• _Instructions for the task_
Going through the material below, output exactly the lines from the one containing "El rey hizo" through the one containing "Tardigrades, when alive, are", and no pictures.

• _Provided data_
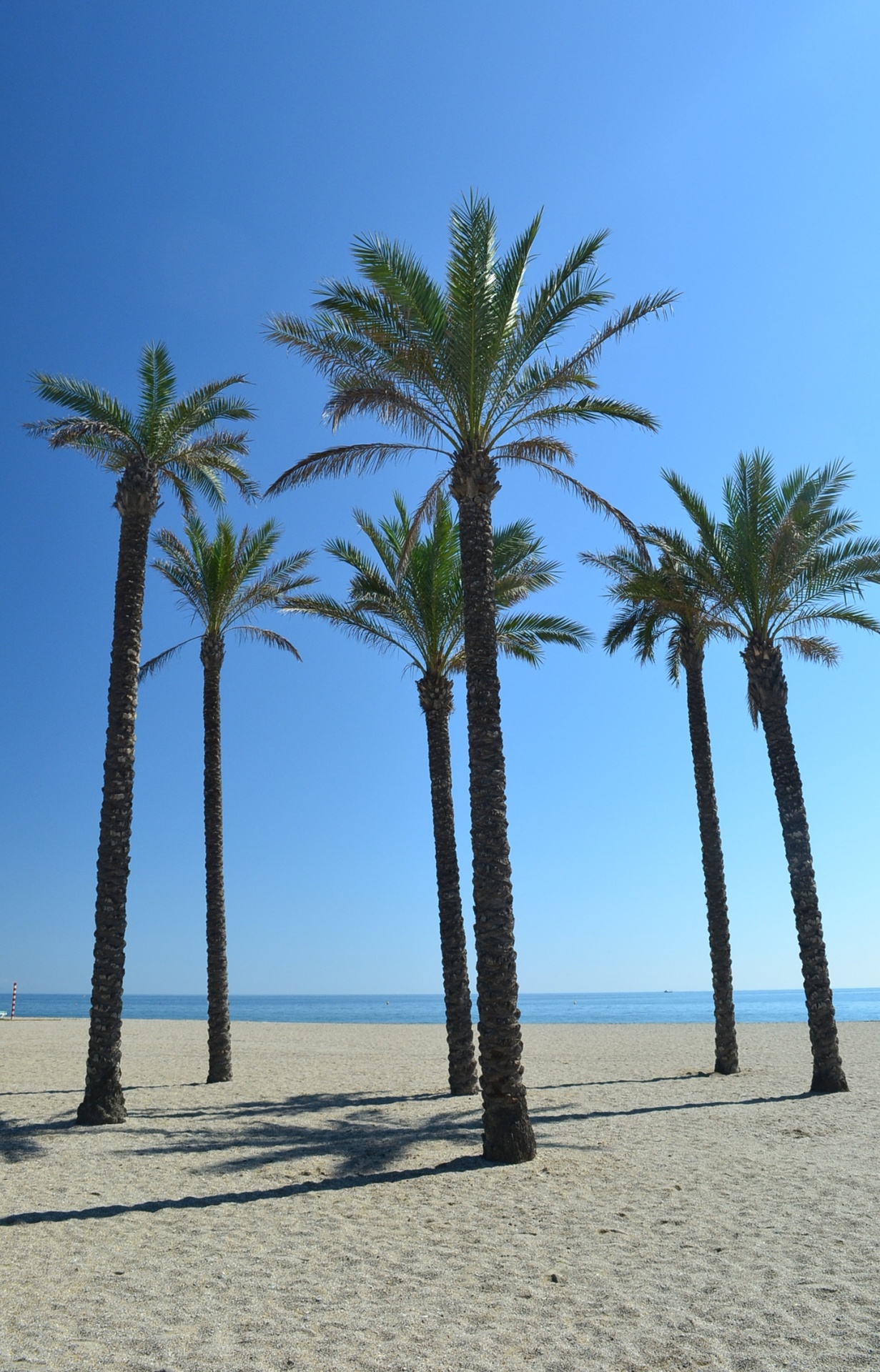 Palm Trees On Beach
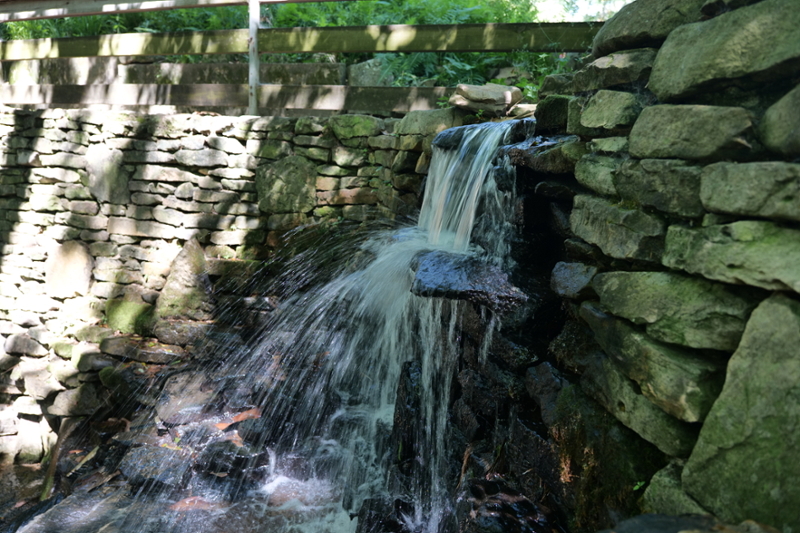 Waterfall at the Arboretum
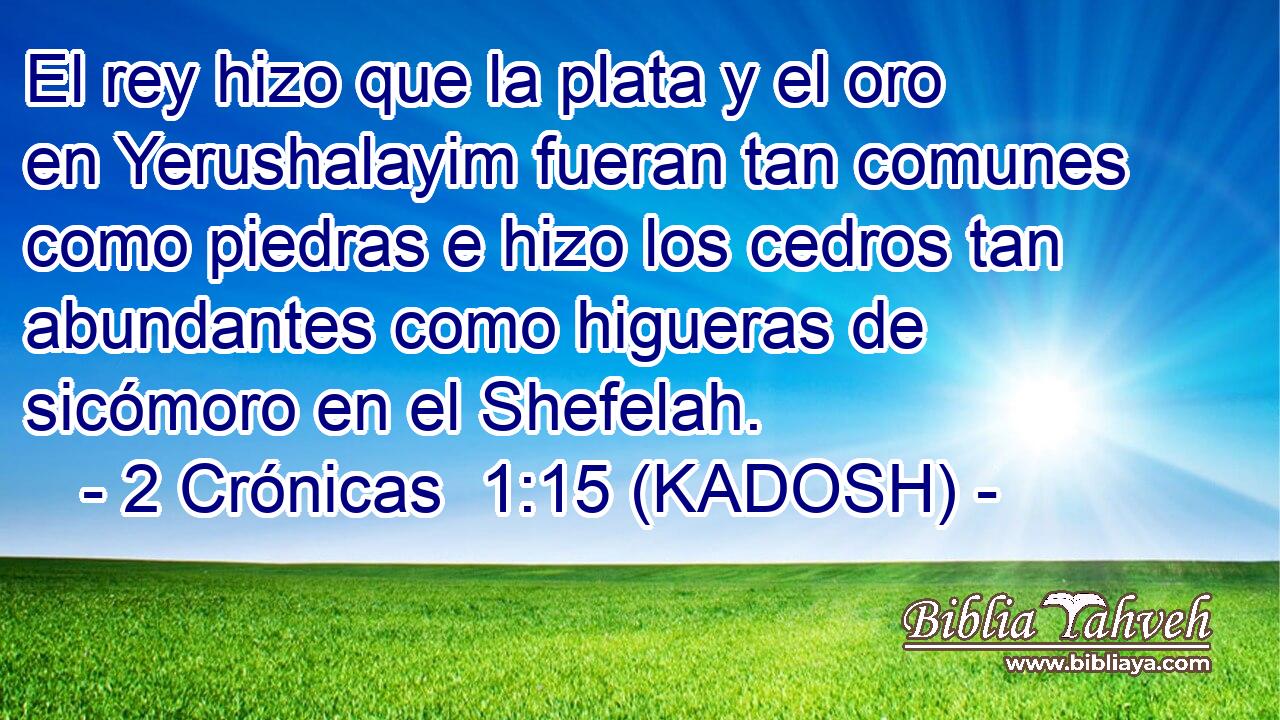  El rey hizo que la plata y el oro en Yerushalayim fueran tan comunes como piedras e hizo los cedros tan abundantes como higueras de sicómoro en el Shefelah. 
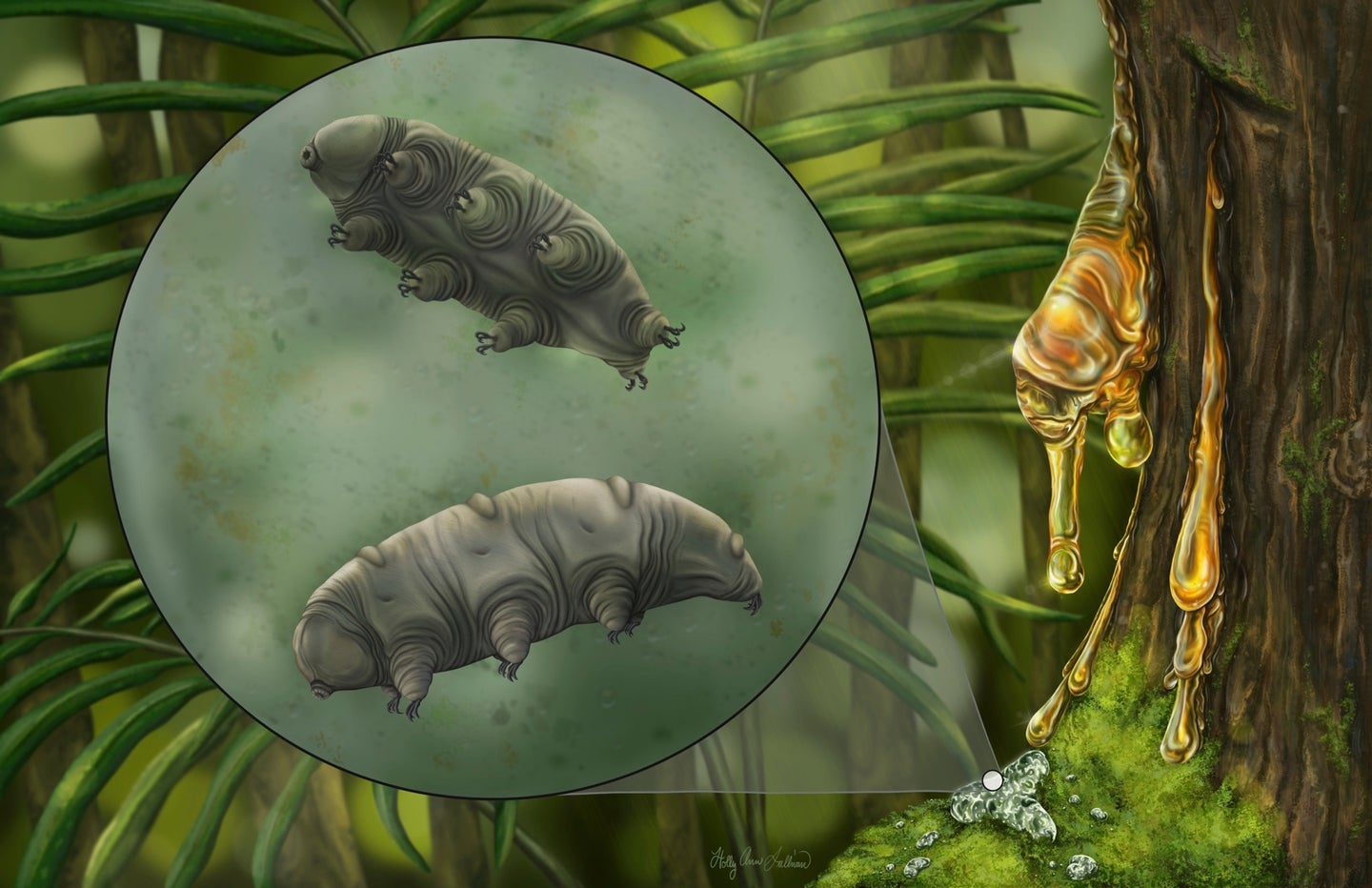 Tardigrades, when alive, are extremely resilient and hard to kill, but they don’t show up in the fossil record very often.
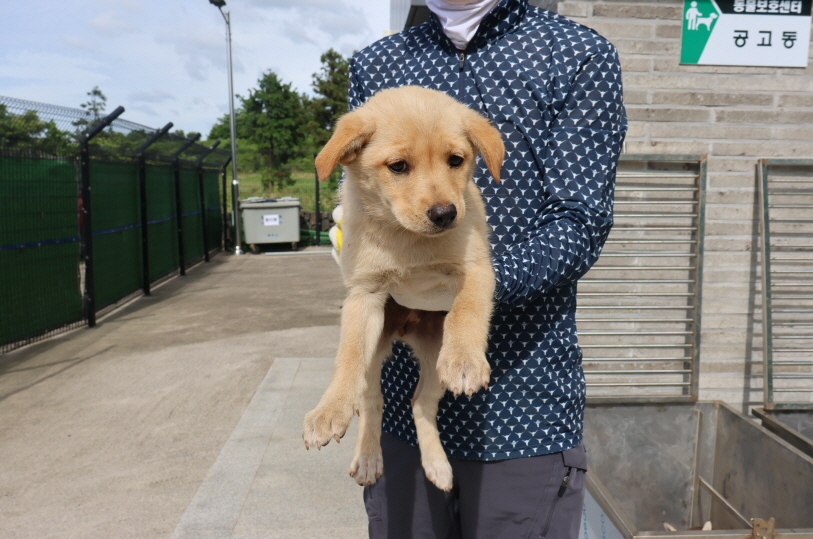 제주 동물보호센터_450650202302174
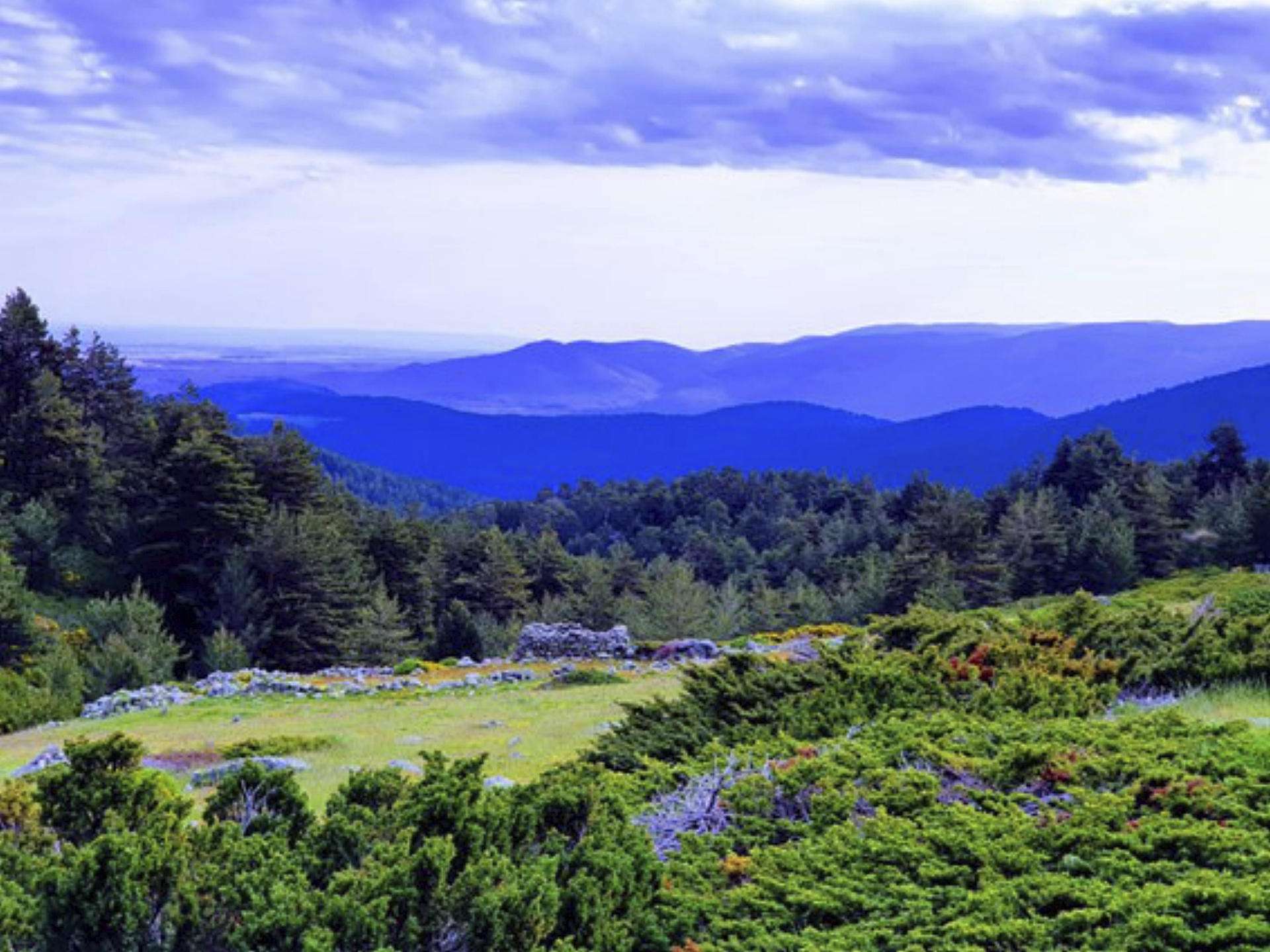 ‘Los corrales de las cabras’ CEIP La Pradera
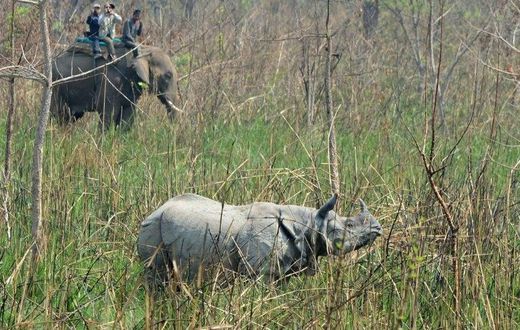 A one-horn rhino in Nepal's Chitwan National Park during an operation by conservationists this month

• _Solution to the problem_
  El rey hizo que la plata y el oro en Yerushalayim fueran tan comunes como piedras e hizo los cedros tan abundantes como higueras de sicómoro en el Shefelah. 
 Tardigrades, when alive, are extremely resilient and hard to kill, but they don’t show up in the fossil record very often.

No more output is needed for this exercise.